LOS ANGELES (CNN) — A pipeline that ruptured, spilling more than 100,000 gallons of heavy crude oil last month on a California state beach and into the ocean, was badly corroded, a preliminary government report said Wednesday.
The Refugio State Beach in Santa Barbara is a scenic recreational park, and the spill has shut it down until at least June 18. Crews are still working to clean it up, according to the state’s Parks and Recreation Department.
Though the cause of the spill at and near the park is still under investigation, preliminary findings revealed that Plains All American Pipeline, which runs the pipe, had discovered two weeks before the spill that the stretch had four troublesome spots.
Three of these showed “extensive external corrosion, primarily on the bottom quadrant of the pipe,” according to the preliminary report by pipeline specialists at the U.S. Department of Transportation.
In the worst spots, corrosion had eaten away 54% to 74% of the pipe wall, according to Plains’ May 5 assessment. The company said that the area of the pipe that failed had lost 45% of its wall thickness.
Government inspectors also found the pipeline stretch to be generally corroded. The rupture that caused the spill was about 6 inches long and at the bottom of the pipe, where corrosion had eaten away all but a sixth of an inch of the metal.
Plains spokesman Patrick Hodgins had mentioned his company’s assessment after the May 19 spill, saying then that its results were still under review.
Plains All American is among the worst violators listed by the U.S. Pipeline and Hazardous Materials Administration, which is part of the Transportation Department and issued the preliminary report.
Plains surpassed all but four of more than 1,700 operators in safety and maintenance infractions, the federal agency said.
Hodgins suggested the comparison wasn’t fair because “we’re also much larger than those companies that we were compared to.” The others are about half his company’s size, he said.

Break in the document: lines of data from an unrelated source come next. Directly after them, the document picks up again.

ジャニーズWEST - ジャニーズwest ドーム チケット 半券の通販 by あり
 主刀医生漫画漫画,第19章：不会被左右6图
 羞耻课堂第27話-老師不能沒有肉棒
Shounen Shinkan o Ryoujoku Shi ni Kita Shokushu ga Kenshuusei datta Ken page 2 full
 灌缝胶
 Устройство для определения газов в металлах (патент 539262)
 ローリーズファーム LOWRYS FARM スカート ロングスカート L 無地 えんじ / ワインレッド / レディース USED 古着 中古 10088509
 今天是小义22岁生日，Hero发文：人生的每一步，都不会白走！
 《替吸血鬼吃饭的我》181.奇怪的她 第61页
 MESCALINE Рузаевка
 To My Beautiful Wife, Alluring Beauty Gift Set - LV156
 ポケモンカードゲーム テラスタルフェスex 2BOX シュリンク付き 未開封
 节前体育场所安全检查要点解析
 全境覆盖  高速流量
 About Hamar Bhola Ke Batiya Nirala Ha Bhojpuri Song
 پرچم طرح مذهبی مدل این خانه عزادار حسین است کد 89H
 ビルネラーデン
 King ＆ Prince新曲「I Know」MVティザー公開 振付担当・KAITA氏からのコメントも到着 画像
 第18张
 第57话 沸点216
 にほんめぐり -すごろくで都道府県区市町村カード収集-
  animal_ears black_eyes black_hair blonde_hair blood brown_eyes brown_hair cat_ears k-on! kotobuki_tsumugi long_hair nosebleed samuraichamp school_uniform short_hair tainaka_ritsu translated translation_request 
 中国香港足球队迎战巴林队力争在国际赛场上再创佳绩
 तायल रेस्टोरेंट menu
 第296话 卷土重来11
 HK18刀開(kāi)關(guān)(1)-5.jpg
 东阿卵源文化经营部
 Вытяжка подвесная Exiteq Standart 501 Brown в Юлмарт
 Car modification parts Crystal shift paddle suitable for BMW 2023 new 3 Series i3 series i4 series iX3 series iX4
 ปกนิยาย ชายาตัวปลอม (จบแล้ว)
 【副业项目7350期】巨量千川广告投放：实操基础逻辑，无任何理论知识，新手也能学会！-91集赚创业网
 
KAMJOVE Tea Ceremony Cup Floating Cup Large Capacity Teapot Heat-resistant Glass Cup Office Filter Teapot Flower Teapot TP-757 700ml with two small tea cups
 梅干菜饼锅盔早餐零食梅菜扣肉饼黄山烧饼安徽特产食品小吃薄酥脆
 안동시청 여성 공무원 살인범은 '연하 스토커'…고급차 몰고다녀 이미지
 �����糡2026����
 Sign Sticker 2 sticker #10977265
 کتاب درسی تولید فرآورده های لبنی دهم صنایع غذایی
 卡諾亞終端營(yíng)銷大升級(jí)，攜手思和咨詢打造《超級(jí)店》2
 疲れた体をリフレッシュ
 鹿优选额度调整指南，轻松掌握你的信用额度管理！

Plains has had 175 federal safety and maintenance violations since 2006, responsible for more than 16,000 barrels of spills that have caused more than $23 million worth of property damage.
Plains All American Pipeline has been committing money to safety improvements for the past seven years, said Pat Hutchins, the company’s senior director of safety.
Plains violated federal environmental regulations 10 times between 2004 and 2007, when about 273,420 gallons of crude oil were discharged into waters or shorelines in Texas, Louisiana, Oklahoma and Kansas, the Environmental Protection Agency said.
Most of the spills were caused by pipe corrosion, the EPA said.